In one of these trenches Sidney’s 12th Rifle Brigade made a heroic stand under continual shell-fire.

For many hours they withstood an attack from 200 German soldiers who took a trench beside them.

Two bombing attacks were repulsed at great cost, leaving one sergeant and seven men who then worked all that night strengthening the barricades.

In total the 12th Rifle Brigade lost three officers and about 100 men.

They received the praise of the Commander-in-Chief and the Army, Corps, Divisional and Brigade Commanders.

Medals were awarded to those who figured prominently in the action.

Sidney was promoted to sergeant in the field on September 8 1916.

Ten days later he was wounded in action and died on September 21 1916.

His older brother, Albert was a lance-corporal in the 9th Battalion of the Norfolk Regiment.

On October 12 1916 Albert’s battalion advanced on Bayonet Trench, near Flers, on the Somme.
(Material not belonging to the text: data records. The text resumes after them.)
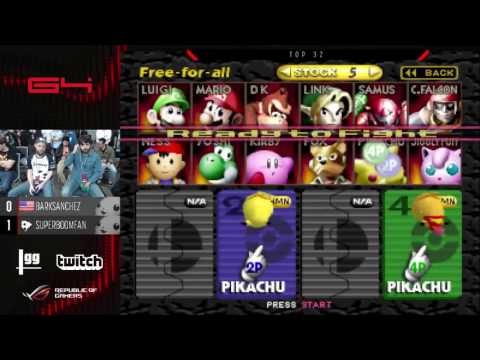G4 - Top 64 - BarkSanchez Vs.PG | SuPeRbOoMfAn  - SSB64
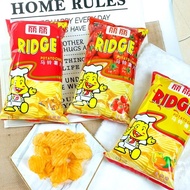 ✑ 🟧 RIDGE potato chips dilicious barbecue  55g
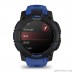 GPS-годинник Garmin Instinct 3 AMOLED 45 мм чорний (Black, ремінець Bolt Blue)
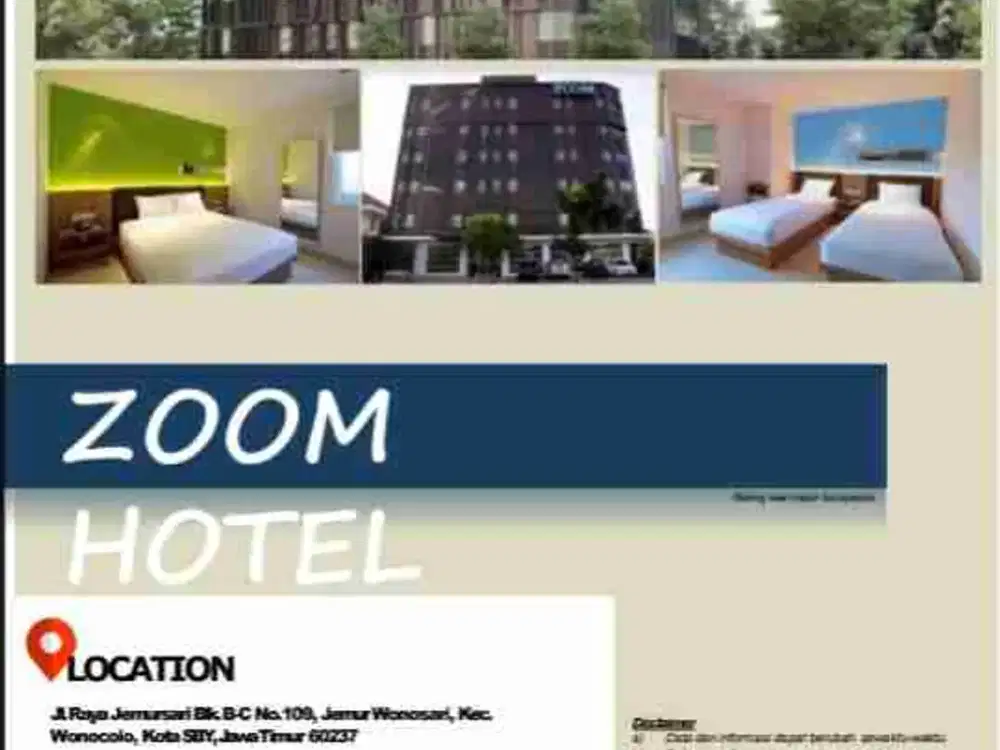 jual hotel di raya Jemursari full furnish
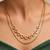 Gold cubic zirconia gold plated necklace for women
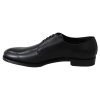 Handcrafted Black Leather Derby Dress Formal Shoes – 39.5 EU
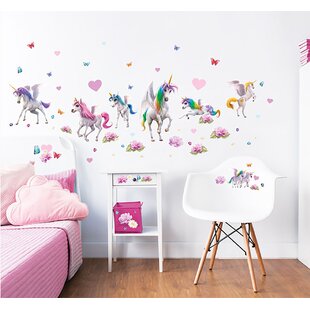 Magical Mystical Unicorn Childrens Bedroom Room Decal Wall Art Sticker Picture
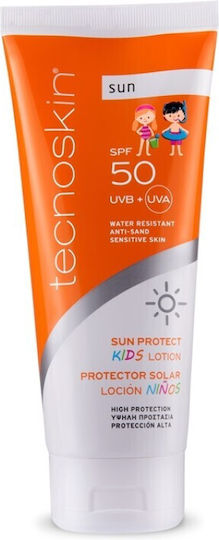 Tecnoskin Sun Protect SPF50 Αδιάβροχο Παιδικό Αντηλιακό Γαλάκτωμα για Πρόσωπο & Σώμα 200ml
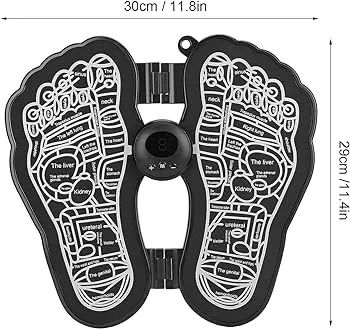 Electric EMS Foot Massager Health Care Massageador Mat Pad Electrodos Estimulador Physiotherapy Acupuntura Portatil Stimulator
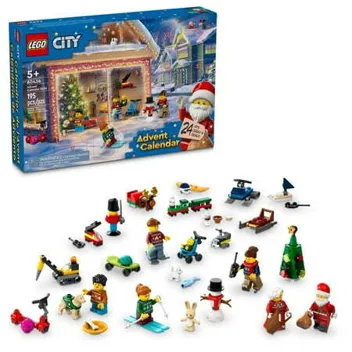 City Advent Calendar Figures Toys (195-Piece)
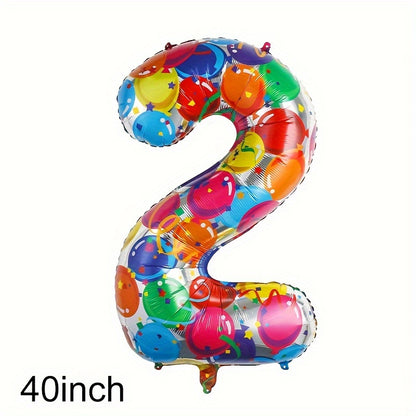 40 Inch Foil Colorful Number Balloons Birthday Party Decor Supplies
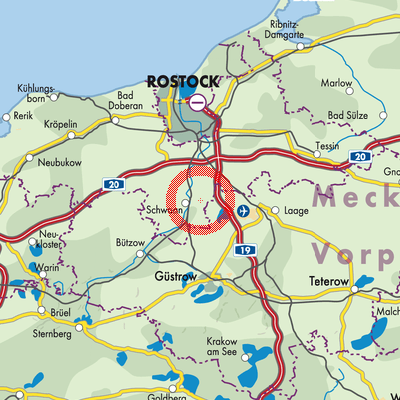 Landkarte Wiendorf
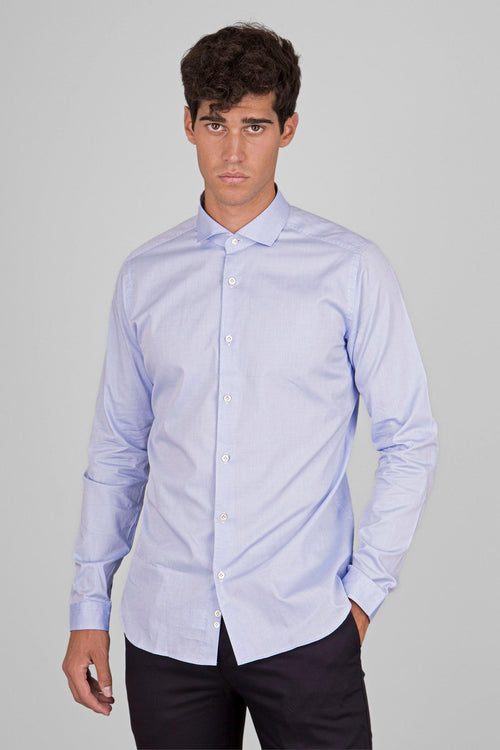 Camicia Collo Francia Azzurro Uomo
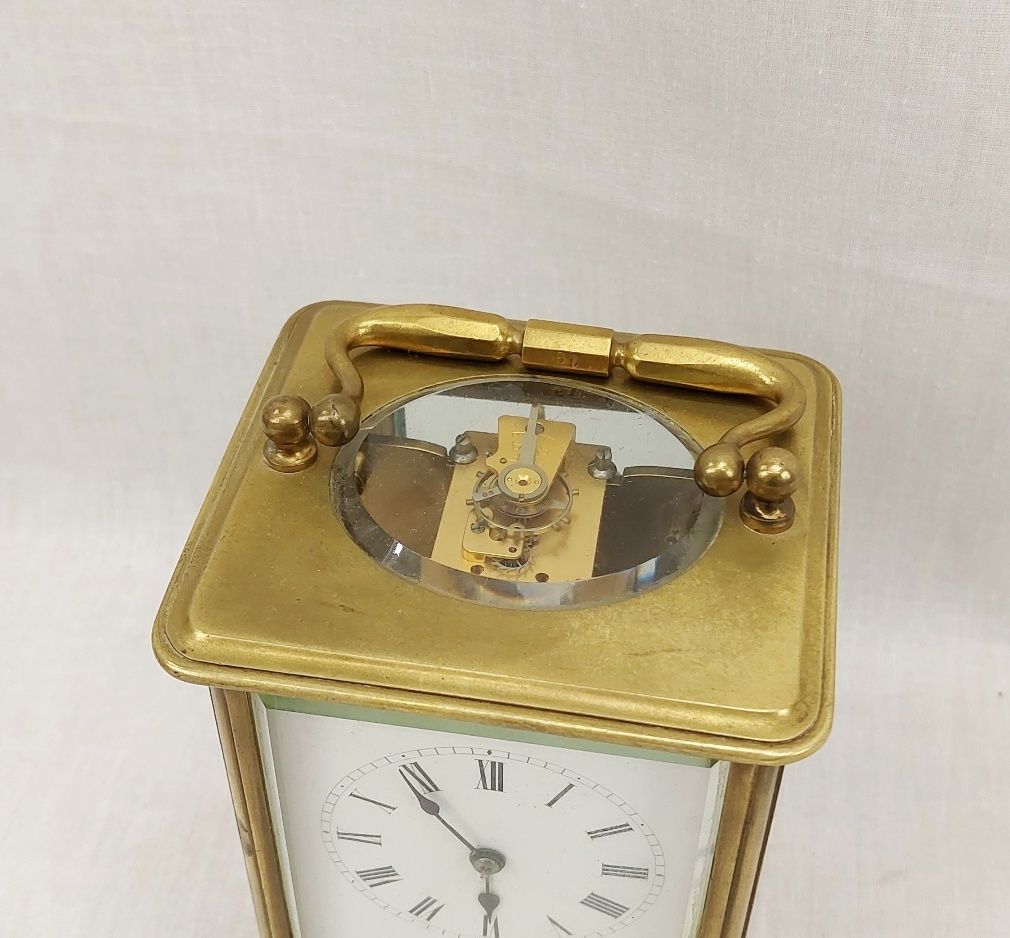 Vintage Alarm Carriage Clock In Good Working Order - Image 9
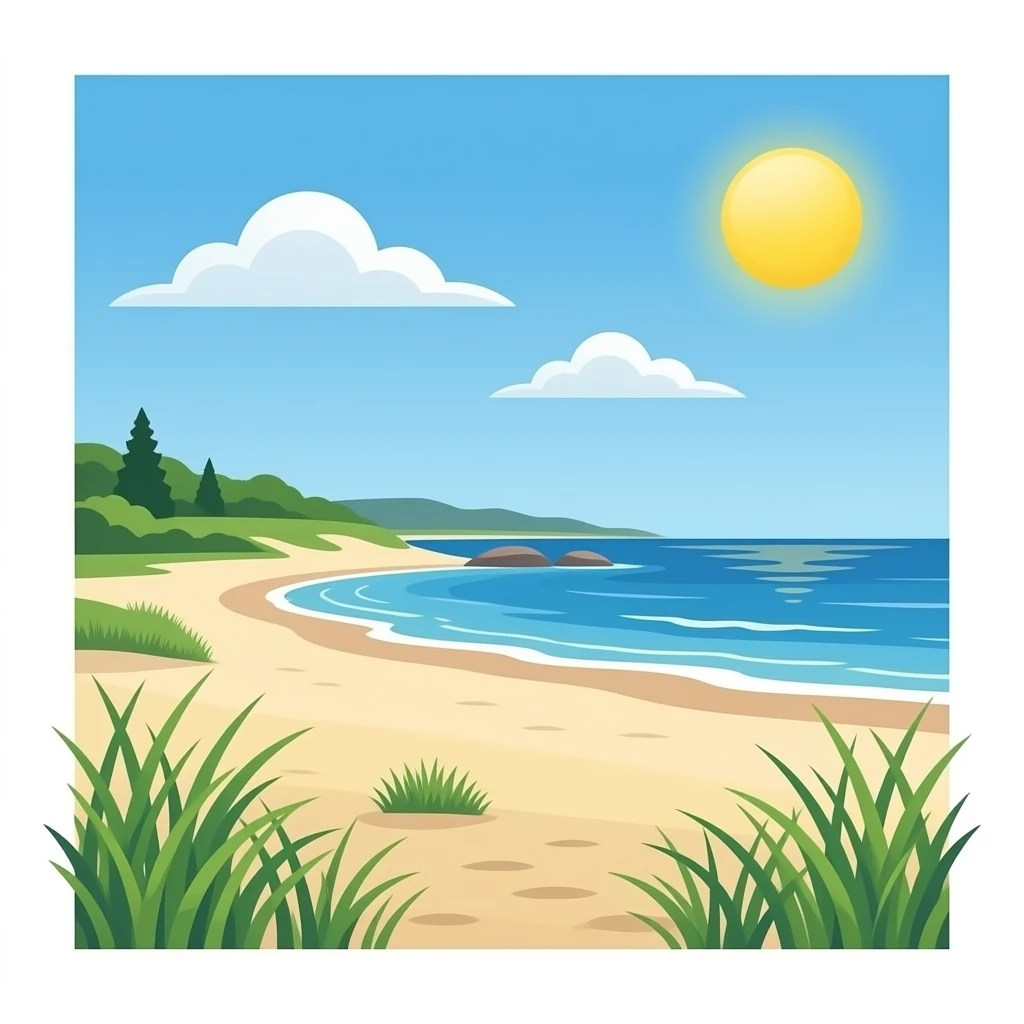 cape cod beach scene emoji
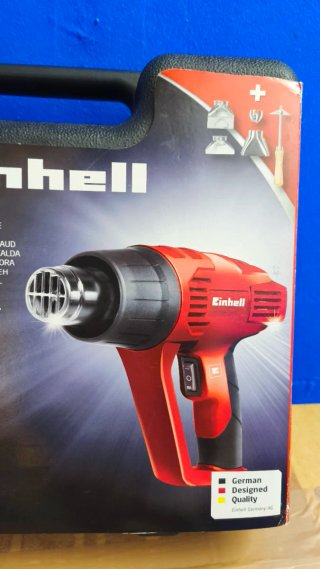 Pistola de Calor Einhell con Accesorios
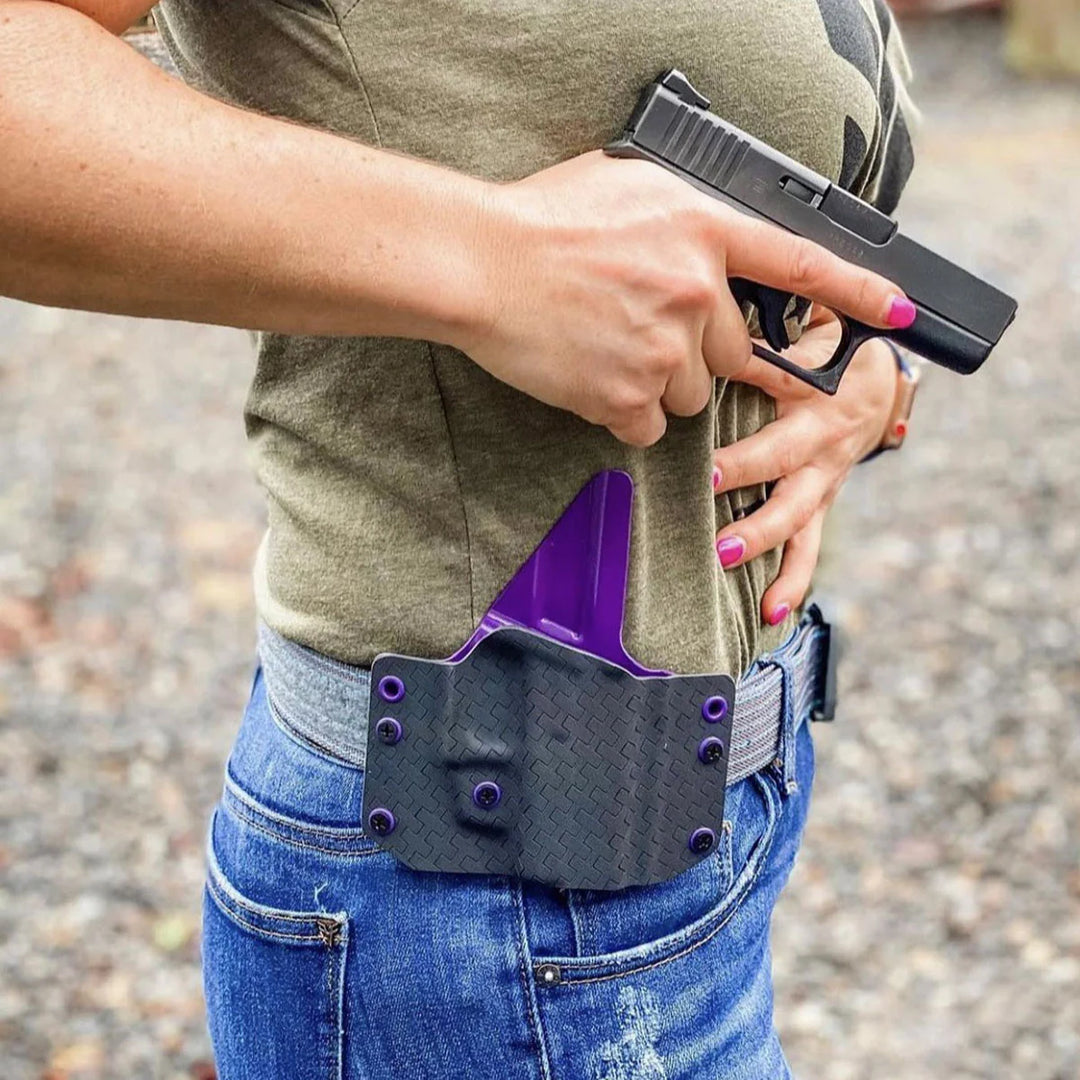 GLOCK COMPATIBLE -OWB GEMINI HOLSTER (CLOSED BELT LOOPS)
They made good progress until they came up against thick barbed wire, which stopped their advance.

The men hid in shell-holes while being fired on by German troops.

Albert’s battalion returned fire and held their position, but hundreds of men were lost.

Albert was wounded and died of his wounds on October 13 1916, less than a month after his brother.

Albert left behind a wife, Lily and daughter Lilian Alberta.

Samantha Crowe is related to the Hayters.